Whitney at Dawn 16"x 24", Dye Sub Aluminum print $ 450 plus shipping
It is the wilderness where I feel most at happy, alive, present, and at peace. When I sleep under the majestic crags and hike along the ancients, I feel whole; I've come home. (This photo is from the hike up to Mount Whitney from Guitar Lake on the West side of the peak. We began the hike with headlamps, and watched the dawn light catch the highest peaks and which was reflected in lakes a thousand feet below us)
ABOUT THE ARTIST
Misha began photography when he was about eleven years old with an all manual viewfinder camera his father gave him. After some darkroom experience at a summer camp, he was hooked. Misha has since carried photography throughout his life, both as a hobby and as a profession. He has always been drawn towards capturing his feelings about the natural world in an image: “That’s when you know you have a successful image. The person looking at your work can feel how you, the photographer, felt about the subject”. From early experiments with a homemade pinhole camera, to rolling his own film and working in a darkroom, Misha later went on to take some classes with well known Life photographer Mark Kaufman. He has worked as a wedding photographer for a short time, but always came back to nature and travel photography as his main love.
Misha has, since his childhood, been interested in the sciences. The thing he loves about the medium of photography is the blending of the technical with the creative. It’s great to have an art which balances the use of both sides of the brain. Misha’s photography is but one endeavor of his. He has been a naturalist, physics teacher, Biodynamic farmer, and landscaper. Since the mid 90’s, Misha has been building natural homes of earth and straw. These type of homes are much like photography in that they combine the technical side of construction with creativity and artistic details. He has been actively working to legitimize earthen construction and is working with code officials and engineers to write a code for cob (monolithic adobe) construction. Other hobbies include playing sitar, brewing beer, backpacking and cycling, and gardening. He sat on the board of the non-profit Focus, and also the Cob Research Institute, and is active in the sustainability movement, teaching classes on permaculture. Heavily influenced by nature photographers and environmentalists Ansel Adams and Galen Rowell: “If my work inspires people to work towards the preservation of Nature, then I was a success,” he says.

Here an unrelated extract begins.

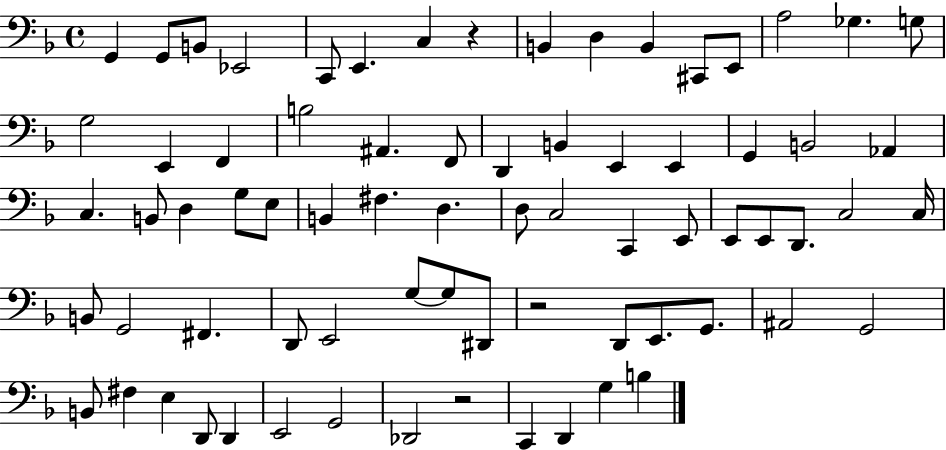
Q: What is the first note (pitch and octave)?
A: G2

Earnest Haas has said that every photographer has a compositional form, which s/he uses either consciously or unconsciously, such as a circle, or a lemniscate. Often, the photographer doesn’t even realize they use that form until they look back at many years of images and find it hidden in so many of them. If you look carefully, you’ll find Misha’s favorite compositional form, the “S” shape in the large number of his images. Recently, he has been working more with abstracts, looking for strong forms, like the “s”, and texture, but images that still retain mystery and intimacy. He uses an ultra-wide angle lens for most of his nature studies. The wide angle allows for intimate close-ups of interesting foreground elements and yet allow for contrasts with background scenes. The wide angle makes it possible with the extreme depth of field, which keeps all the elements in focus.